Cartoon Brew: It feels like the design in this film is something different from what we’ve seen before, especially in the look of the characters, which are somewhat simplified. Can you talk about that approach?
Tom McGrath: Well, I always self-criticize my own movies of the past and Dreamworks movies too, and I kind of felt around the whole industry that everyone was trying to do very realistic stuff. Even if they’re really caricatured designs, you’d still see all these pores and the blood vessels. To me it was this weird mixture. I loved animation when it was 2D, and that’s when I got into it 30 years ago. And I’ve been always trying to do in the computer what I loved about traditional animation.
I just wanted to approach it like you would a 2D movie. So I hired Joe Moshier [as our character designer], who is very graphic and very stylized, and I wanted the eyes to be more appealing, which is a slightly larger pupil. And I wanted to make sure that the modeled rigs could also do the kind of expressions you could only do hand-drawn.
It was challenging because initially there were too many controls on the characters for animators, so I sat with Carlos Puertolas, our head of animation. We actually shaved the number of controls in half so that we could make these really strong expressions. We’re both fans of Tex Avery and Chuck Jones. If you look at a film like One Froggy Evening, just the expressions that are drawn are funny. They could be a held drawing. And so we really wanted the acting and the broadness of the animation to shine like that.
How did that specifically influence the design?
Tom McGrath: There was a lot of work, knowing that’s the animation style we wanted to do, making the design supportive of that. It’s still a cg movie but we didn’t want to get overly surfaced. And everything that is surfaced is just painted by hand.
And so the characters kind of led the style of the world around it.
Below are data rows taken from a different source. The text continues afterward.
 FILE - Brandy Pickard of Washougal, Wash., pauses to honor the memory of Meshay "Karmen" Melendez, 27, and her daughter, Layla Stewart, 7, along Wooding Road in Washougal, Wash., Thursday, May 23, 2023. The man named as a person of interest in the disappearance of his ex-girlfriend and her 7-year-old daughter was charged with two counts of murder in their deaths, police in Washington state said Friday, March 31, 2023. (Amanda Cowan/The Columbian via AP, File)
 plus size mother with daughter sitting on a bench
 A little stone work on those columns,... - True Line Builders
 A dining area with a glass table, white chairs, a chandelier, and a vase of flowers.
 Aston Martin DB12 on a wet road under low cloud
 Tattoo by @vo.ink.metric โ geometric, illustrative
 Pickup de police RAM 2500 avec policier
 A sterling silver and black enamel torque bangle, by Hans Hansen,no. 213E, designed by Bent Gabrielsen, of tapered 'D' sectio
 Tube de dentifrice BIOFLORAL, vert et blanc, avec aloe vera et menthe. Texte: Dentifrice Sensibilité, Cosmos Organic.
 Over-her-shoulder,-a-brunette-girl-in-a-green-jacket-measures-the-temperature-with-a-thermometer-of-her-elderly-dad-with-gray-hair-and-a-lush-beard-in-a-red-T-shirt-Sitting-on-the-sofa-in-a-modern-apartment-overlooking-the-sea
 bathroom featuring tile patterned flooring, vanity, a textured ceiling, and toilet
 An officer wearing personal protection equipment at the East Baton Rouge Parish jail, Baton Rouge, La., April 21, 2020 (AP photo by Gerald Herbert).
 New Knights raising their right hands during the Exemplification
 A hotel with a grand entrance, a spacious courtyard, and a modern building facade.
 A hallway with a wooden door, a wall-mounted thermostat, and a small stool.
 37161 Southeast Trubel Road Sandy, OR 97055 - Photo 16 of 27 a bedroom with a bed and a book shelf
We used a lot of the shape language from the 60s design movement to support the broadness of the design. Because, if you look at Boss Baby, his head would probably be the size of a pumpkin in the real world on a baby’s body. And so the backgrounds had to support that.
I noticed too that we were doing all these realistic films and I just realized that it was like realist paintings where it doesn’t feel artistic anymore. You don’t know where to look on a screen because it’s so cluttered. And so everyone who came onto the show, I’d show them the opening of Lady and the Tramp. And it’s this really pretty snowy town, and you go into this window with a Christmas tree, and that’s the only real bright color. And everything was kind of washed in washes and that sort of thing and it just kind of fell away, and it felt really charming and appealing.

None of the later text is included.